Dans l’évangile de Matthieu, après ce chapitre 24, il faut lire, dans la foulée, tout le chapitre 25. Il est comme une illustration concrète de cette invitation à rester pleinement éveillés. Eveillés comme le serviteur que le maître, à son retour, trouve en plein travail. Comme les cinq jeunes filles prévoyantes, qui ont suffisamment d’huile pour éclairer toute la noce. Comme ces employés qui font fructifier les biens que leur maître leur a confiés. Alors, si nous avons vécu ainsi éveillés, quelle ne sera pas notre agréable surprise, au dernier jour, lorsque le Seigneur se fera reconnaître de chacun de nous, nous accueillant dans le Royaume, parce que toute notre vie, nous aurons appris à rencontrer l’autre, quel qu’il soit, et à le traiter comme un frère. « J’ai eu faim, nous dira-t-il (du moins je l’espère), et vous m’avez donné à manger, etc.

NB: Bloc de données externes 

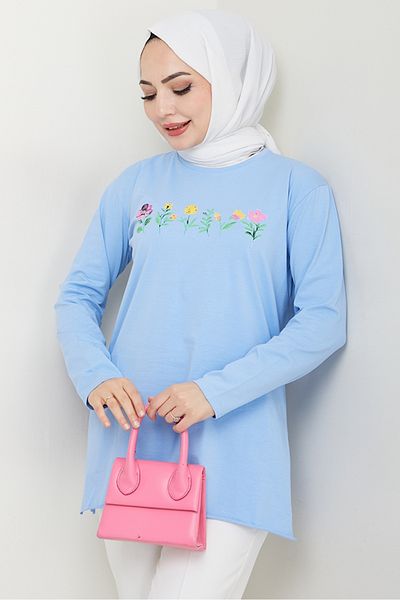 Bestenur Flower Pattern Hijab Tunic 1425 - Baby Blue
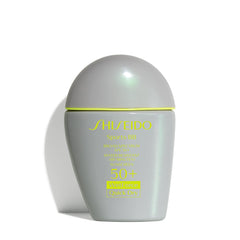 Shiseido Sports BB Cream SPF50 bottle-front showing quick-dry, non-sticky finish for all-day wear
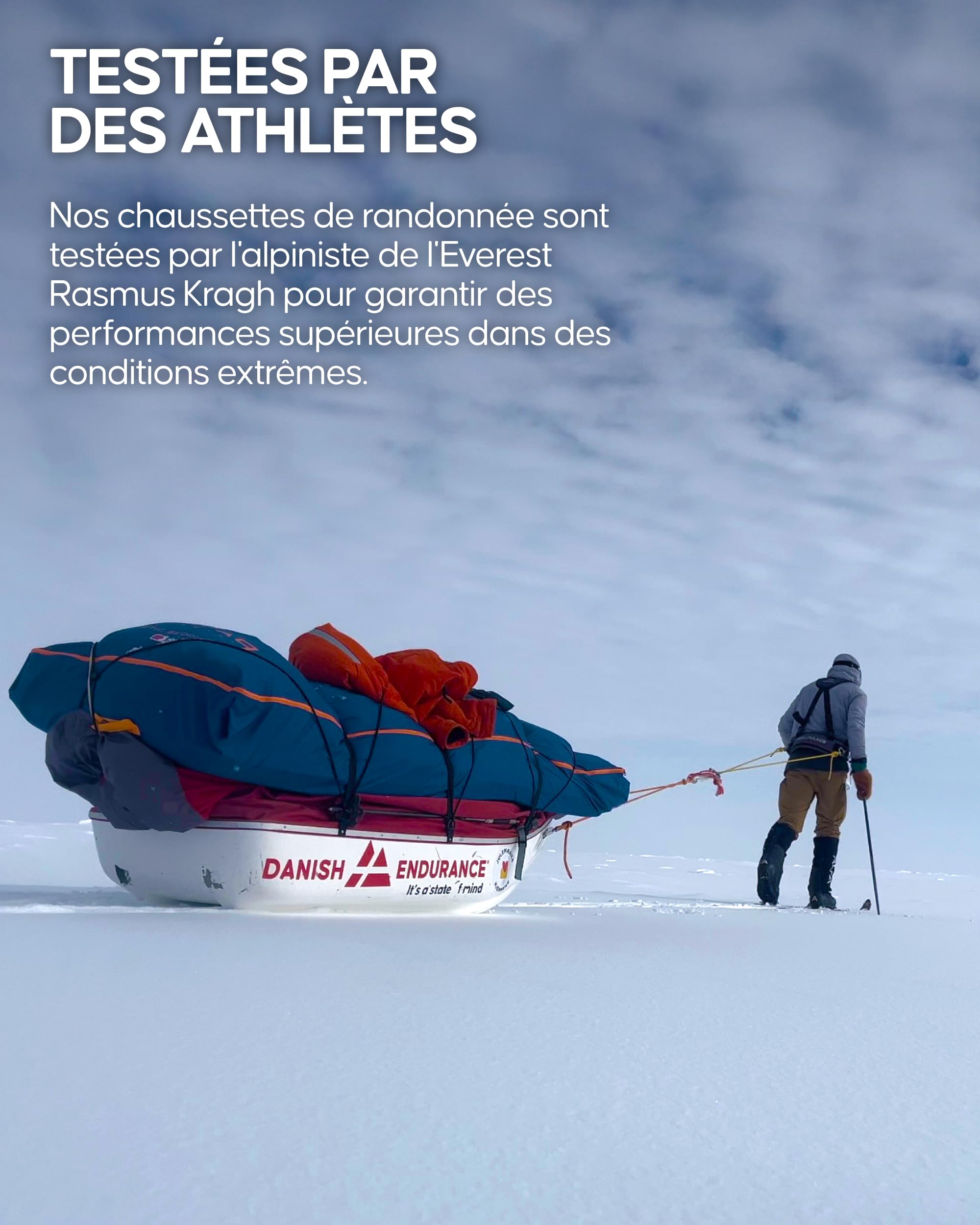 DANISH ENDURANCE Chaussettes de Randonnée en Laine Mérinos montant, Chaussettes Thermiques Longues avec Rembourrage Épais pour Hommes et Femmes, Unisexes, Lot de 1 ou 3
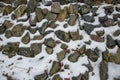 The texture of large stones with snow Royalty Free Stock Photo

C’est Jean Delumeau qui évoque ce jour de sa rencontre personnelle avec le Seigneur. Il écrit : « Je ne redoute pas tant la mort en elle-même que l’après-mort. Notre dignité, notre responsabilité d’hommes font que nous aurons forcément des comptes à rendre. Or je mesure mes responsabilités. De toute façon, je ne me vois pas arriver au banquet éternel sans avoir pris une douche, enfilé une chemise propre et un complet neuf. »
Tenez-vous prêts !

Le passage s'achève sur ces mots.